◆ Work instructions ◆
An exact, complete copy of the entries is needed, with the pictures left out.

---- Excerpted records

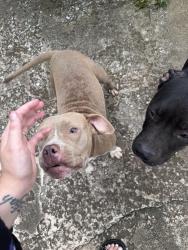 Found/Stray Female Dog last seen Rambling rd Oklahoma City 73132, Oklahoma City, OK 73132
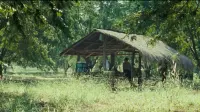 Backdrop to the movie "Uncle Boonmee Who Can Recall His Past Lives" #779337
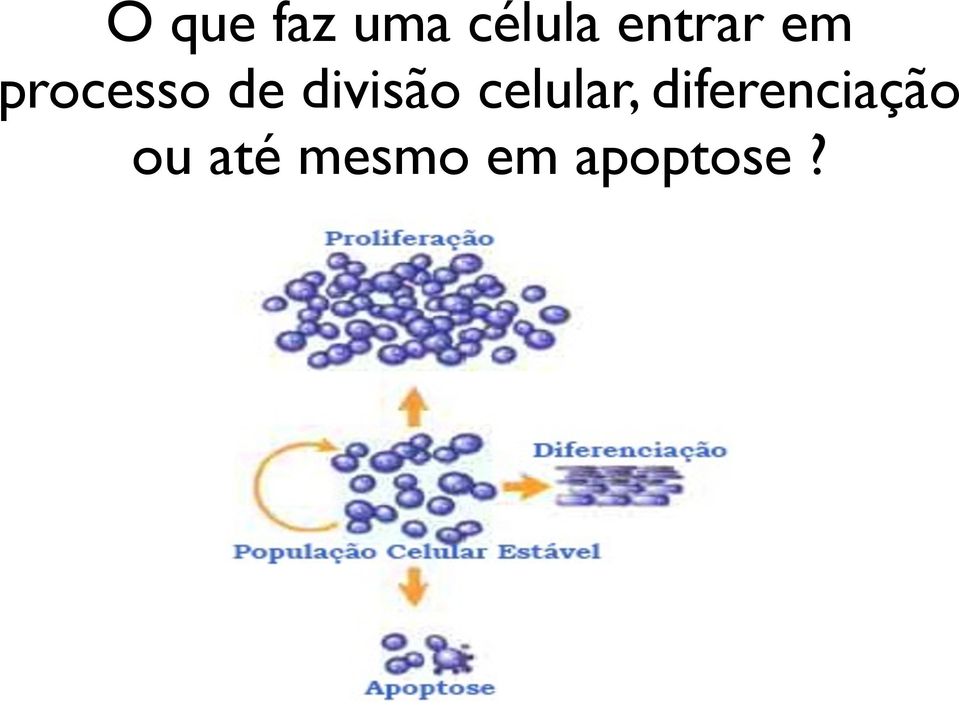 divisão celular,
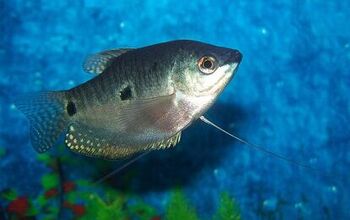 Gourami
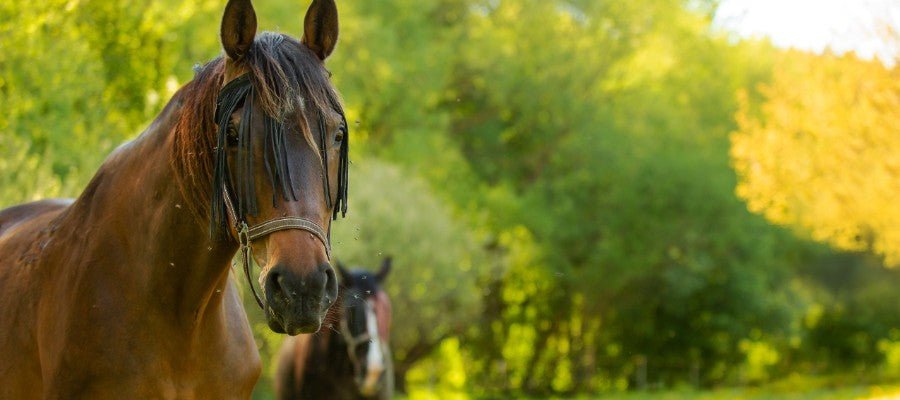 Caring For Your Horse - PetPost Australia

--------

◆ Response area ◆
 Found/Stray Female Dog last seen Rambling rd Oklahoma City 73132, Oklahoma City, OK 73132
 Backdrop to the movie "Uncle Boonmee Who Can Recall His Past Lives" #779337
 divisão celular,
 Gourami
 Caring For Your Horse - PetPost Australia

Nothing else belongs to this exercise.